Rewriting this inequality in terms of \delta_s = f(x_s) - f(x^*) one obtains

    \[\delta_{s+1} \leq (1 - \gamma_s) \delta_s + \frac{\beta}{2} \gamma_s^2 R^2 .\]

A simple induction using that \gamma_s = \frac{2}{s+1} finishes the proof (note that the initialization is done at step 2 with the above inequality yielding \delta_2 \leq \frac{\beta}{2} R^2).

\Box

The rate of convergence we just proved for Conditional Gradient Descent is no better than the rate of Projected Gradient Descent in the same setting.
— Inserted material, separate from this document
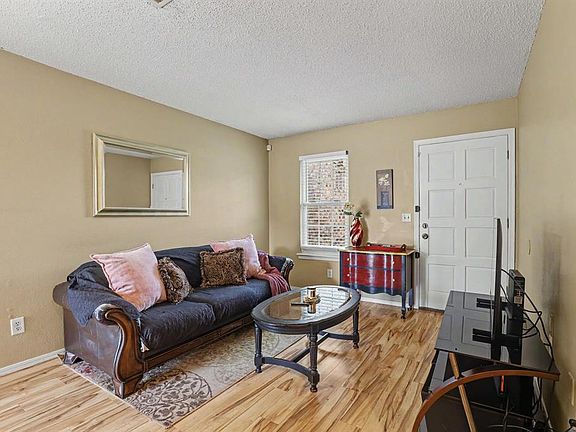 5th image of 12216 SW 15th Ter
However, on the contrary to the latter algorithm where a quadratic programming problem over \mathcal{X} has to be solved (the projection step), here we only need to solve a linear problem over \mathcal{X}, and in some cases this can be much simpler.

While being projection-free is an important property of Conditional Gradient Descent, a perhaps even more important property is that it produces sparse iterates in the following sense: Assume that \mathcal{X} is a polytope with sparse vertices, that is the number of non-zero coordinates (which we denote by the \ell_0-norm \|\cdot\|_0 which is not a norm despite the name) in a fixed vertex is small, say of order s \ll n. Then at each iteration, the new iterate x_{t+1} will increase its number of non-zero coordinates by at most s. In particular one has \|x_{t+1}\|_0 \leq \|x_1\|_0 + t s. We will see now an example of application where this property is critical to obtain a computationally tractable algorithm.

Note that the property described above proves in particular that for a smooth function f on the simplex \{x \in \mathbb{R}_+^n : \sum_{i=1}^n x_i = 1\} there always exist sparse approximate solutions. More precisely there must exist a point x with only t non-zero coordinates and such that f(x) - f(x^*) = O(1/t). Clearly this is the best one can hope for in general, as it can be seen with the function f(x) = \|x\|^2_2 (since by Cauchy-Schwarz one has \|x\|_1 \leq \sqrt{\|x\|_0} \|x\|_2 which implies on the simplex \|x\|_2^2 \geq 1 / \|x\|_0).

 

An application of Conditional Gradient Descent: Least-squares regression with structured sparsity

This section is inspired by an open problem from this paper by Gabor Lugosi (what is described below solves the open problem). Consider the problem of approximating a signal Y \in \mathbb{R}^n by a ‘small’ combination of elementary dictionary elements d_1, \hdots, d_N \in \mathbb{R}^n. One way to do this is to consider a LASSO type problem in dimension N of the following form (we denote here x(i) for the i^{th} coordinate of a vector x)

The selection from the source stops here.